Alice C. Linsley said...

Thanks, Margaret. The problem of translation between Greek and Latin has influenced theology in both East and West. We see this in the Nicene Creed: "of one substance with the Father" or "of one essence..."

Through disobedience, death entered, as God said, "For in the day that you eat of it you shall surely die." After death entered,then judgment. And the first emotion expressed by the Man and the Woman was fear. Because they feared God, they attempted to hide from their Creator.

Chris Ali said...

If the concept of original sin is due to mistranslation by Augustine then Muslims are right all along. There was no need for Jesus to die on the cross. A man could then be sinless Like all the 124,000 prophets who were sinless.

Alice C. Linsley said...

The Bible present at least three portraits of Adam. One of them poses him as a person who lived in real time.

https://jandyongenesis.blogspot.com/2020/04/three-portraits-of-adam.html


The historical Adam lived one generation before his sons Cain and Seth. That means Adam would have lived between 6,000 and 4,000 B.C. We may with certainty state that humans were sinful before that time.

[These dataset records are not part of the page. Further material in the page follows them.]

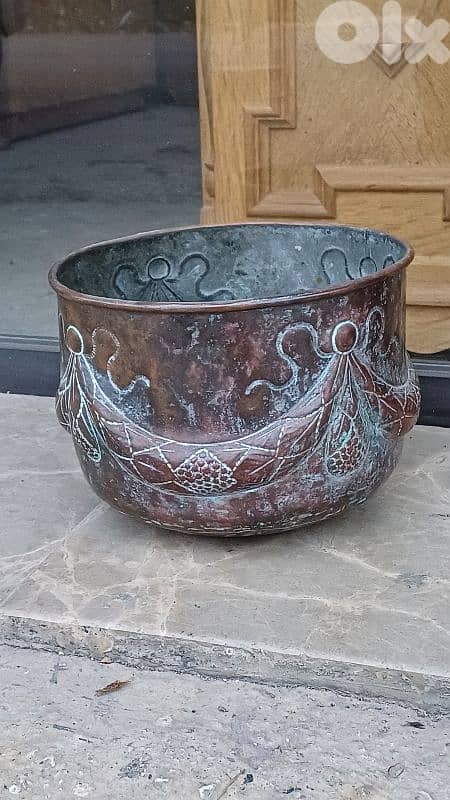 antique 1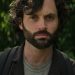 Penn Badgley emmène les fans dans les coulisses et annonce la fin du tournage de You (VIDEO)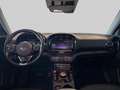 Kia Soul e-Soul 64kWh 204pk Aut ExecutiveLine | Lederen Bek Gris - thumbnail 9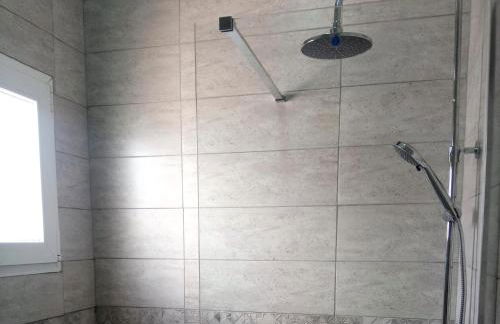 Beachfront House sea views near historic Cartagena - Foto 35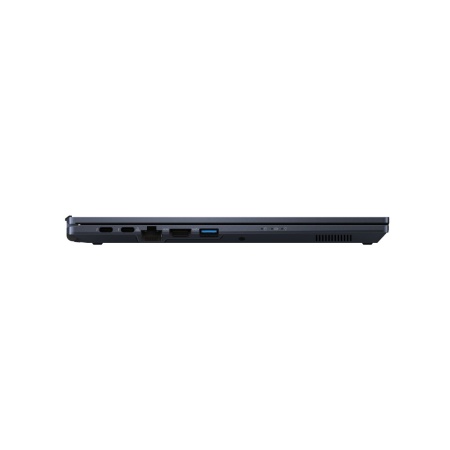 NB REF I7-1260P 16GB 512SSD 14 WIN 11 PRO - immagine 9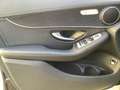 Mercedes-Benz GLC 300 de 4M MBUX+Ambiente+CarPlay+KAMERA+PANO Grau - thumbnail 5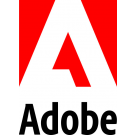 Adobe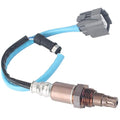 234-9040 O2 Oxygen Sensor Air Fuel Ratio Upstream Compatible by DOSKJOK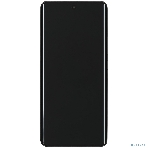 Смартфон Redmi Note 15 RU 8/128Gb черный, фото13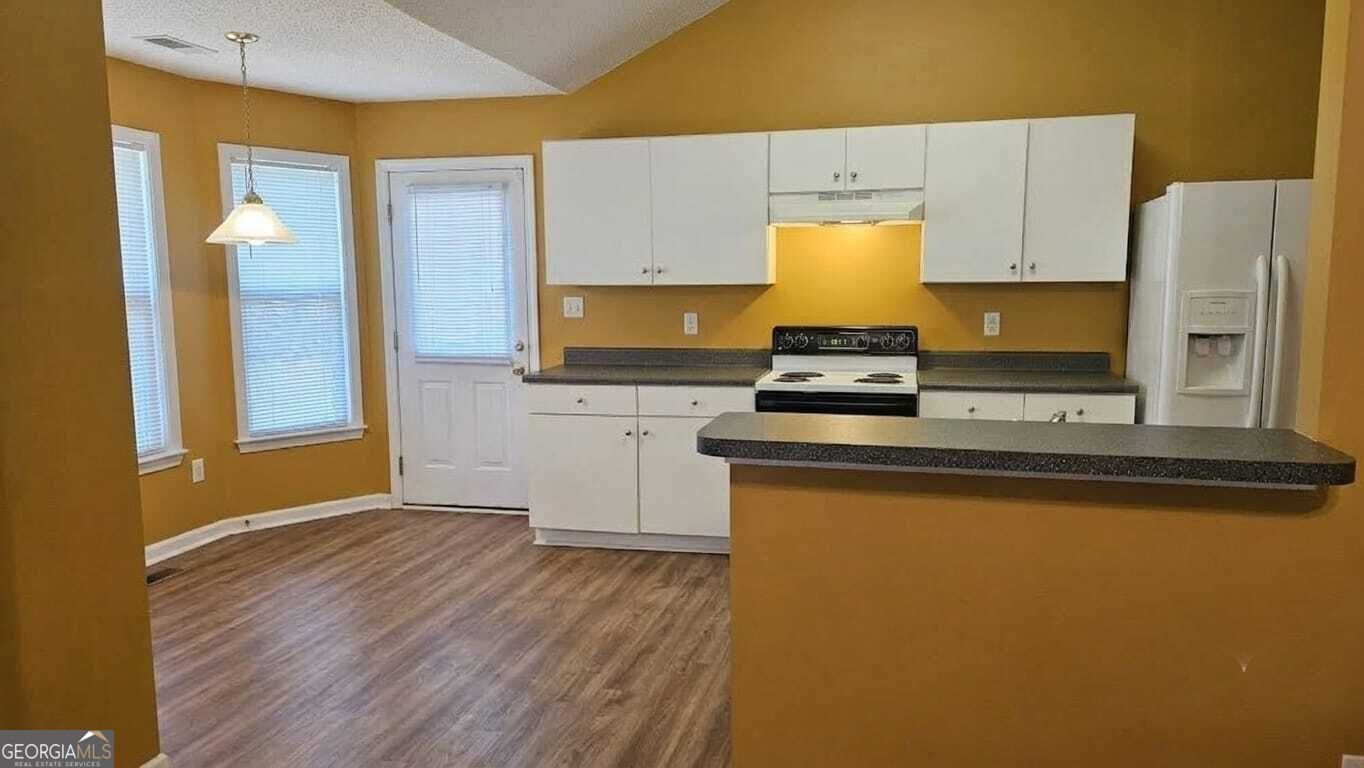 4384 Chestnut Oaks Trace Lithonia - Photo 15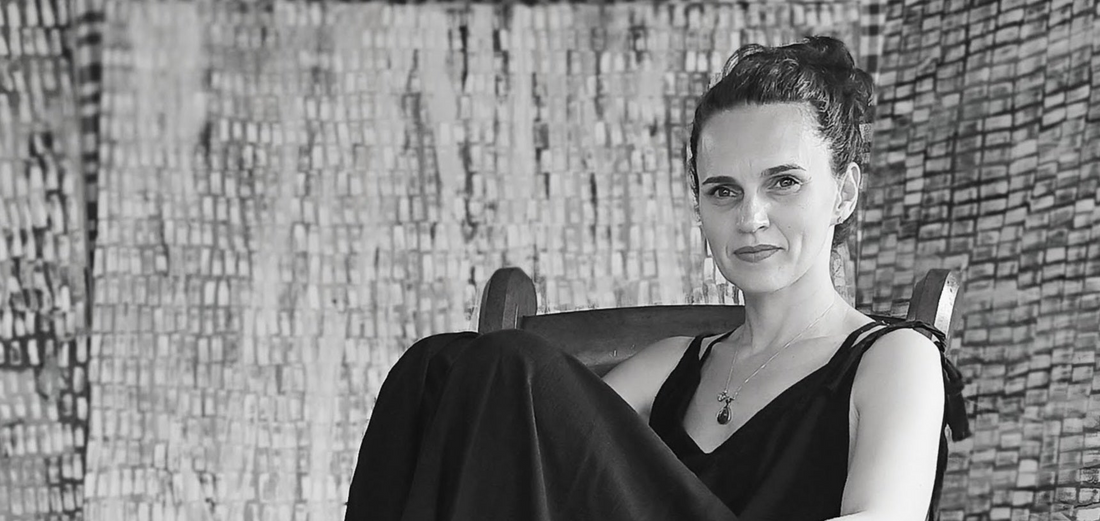 From Hospitality to Healing Through Art: My Journey to Full-Time Painting.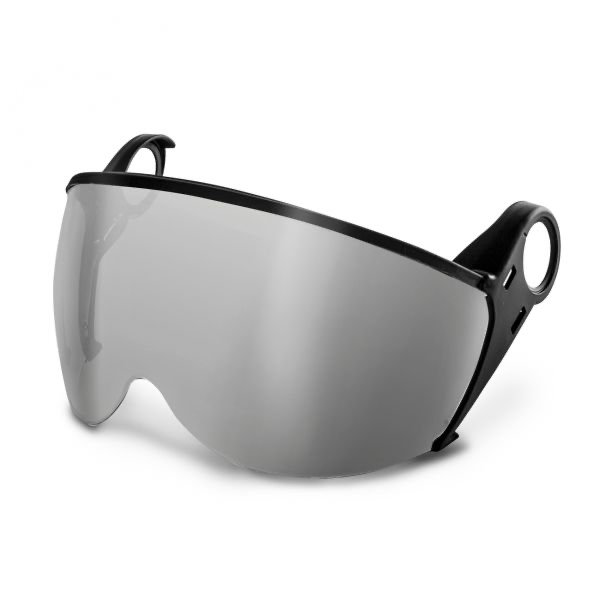 Visera Kask Zen - imagen 5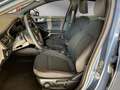 Ford Focus Focus 1.0 EcoBoost Hybrid 125 CV Powershift SW ST Blau - thumbnail 11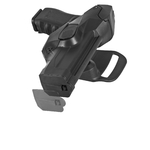 VegaHolster Etui POLYMER DCH8 pour HK P30 DROIT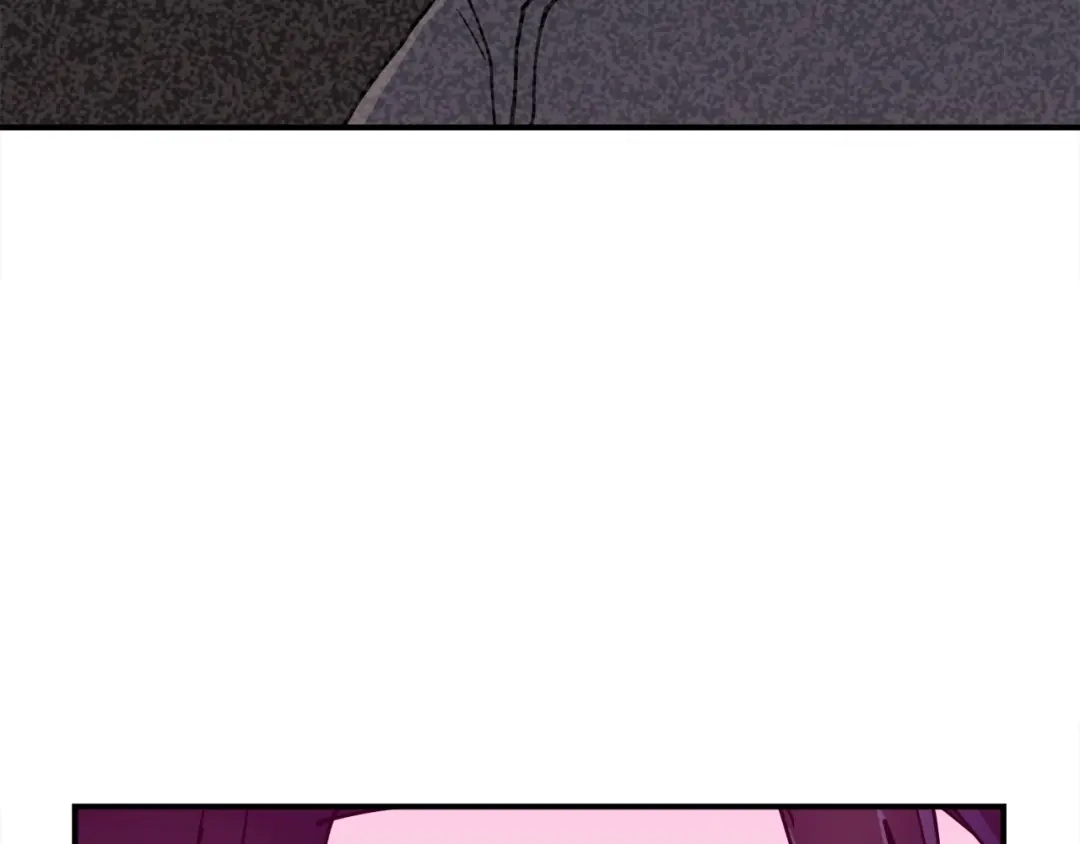 第232页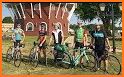 RAGBRAI® related image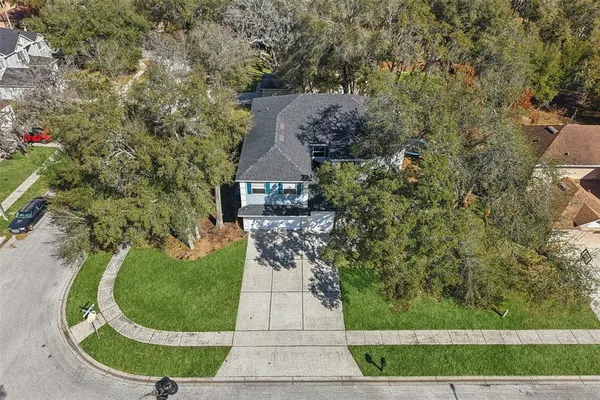 $579,000 | 1978 Applegate Drive, Ocoee, FL 34761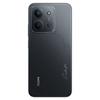 Smartphone - XIAOMI - Redmi 15C - 6,9" - 256 GB - 6000 mAh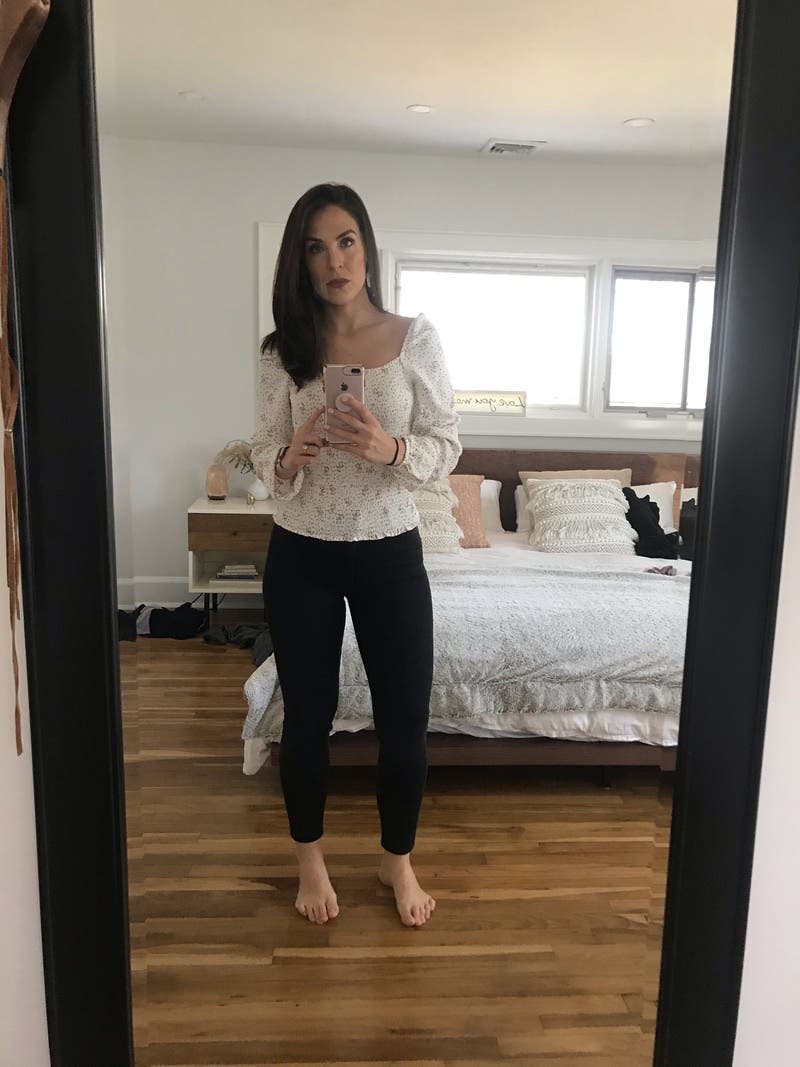 review thumbnail images 10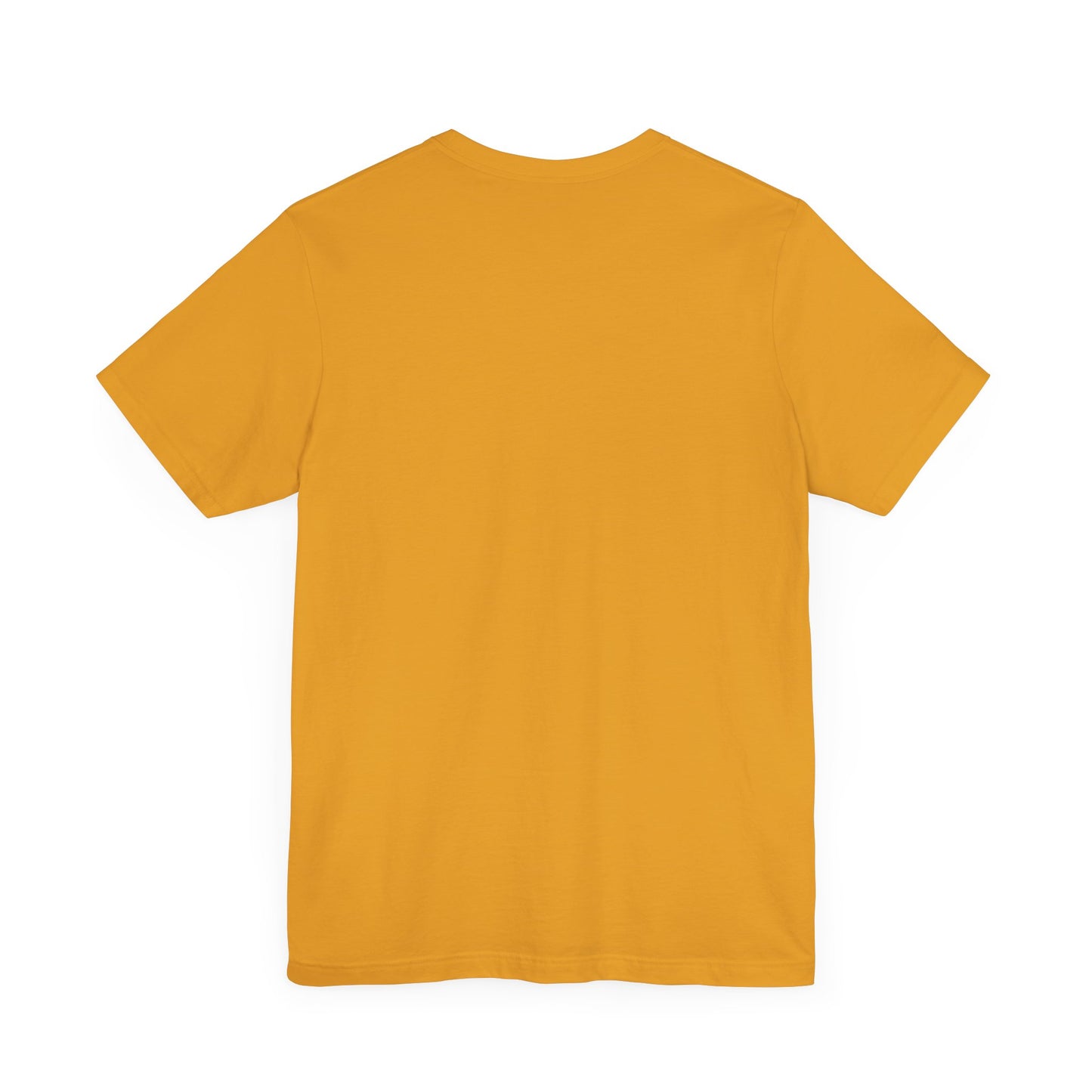 Stupid Fucking Internet Unisex T-Shirt
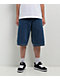 A.LAB Kids Mega Shant Reboot Denim Shorts - Thumbnail image 2 of 6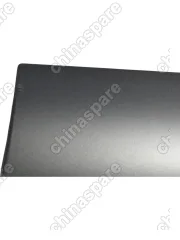 Накладка двери задней левой Audi Q7 2005 - 2015 (уценка)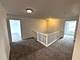 1122 Motz, Elburn, IL 60119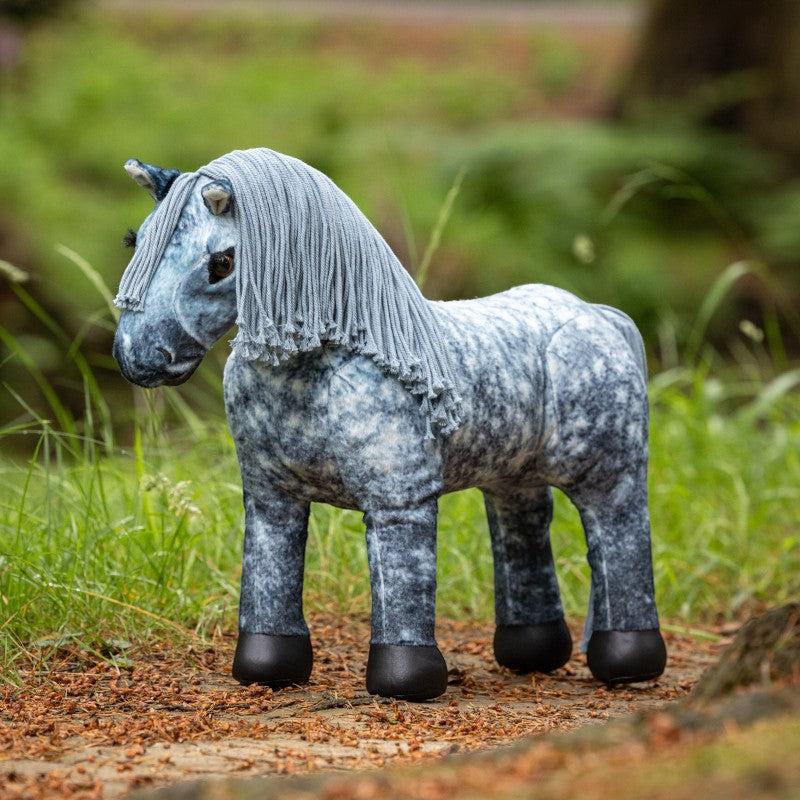Lemieux - Peluche Toy Pony Sammy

In Romans 6:23, Paul links sin and death. From the beginning humans have been dying. Their yearning for eternal life (immortality) has often led them to face their sinful ways. Evidence of the hope for immortality is found in the 100,000+ year practice of burial in red ochre, a symbolic blood covering. See this article:

https://jandyongenesis.blogspot.com/2017/10/artifacts-of-great-antiquity.html


In Genesis 2 it is the woman who first violates the command and there is a marvelous symmetry in that the Virgin Mary brings forth the Son who crushes the serpent's head (Genesis 3:15). Adam fathers the sons whose ruler-priest lineages spread the Messianic hope of redemption. The Horite Hebrew settlement of Bethlehem awaited fulfillment of the Messianic hope and it was to the Bethlehem shepherds that the announcement of His incarnation was first made. This is a picture of the Divine Economia in the teaching of the Church Fathers (Greek: οικονόμια). The term refers to God's handling or management of a thing. In the same way, God has superintended the canonical Scriptures so that we may read, inwardly digest, learn and be formed by them.

St. Jerome wrote, "Ignorance of Scripture is ignorance of Christ."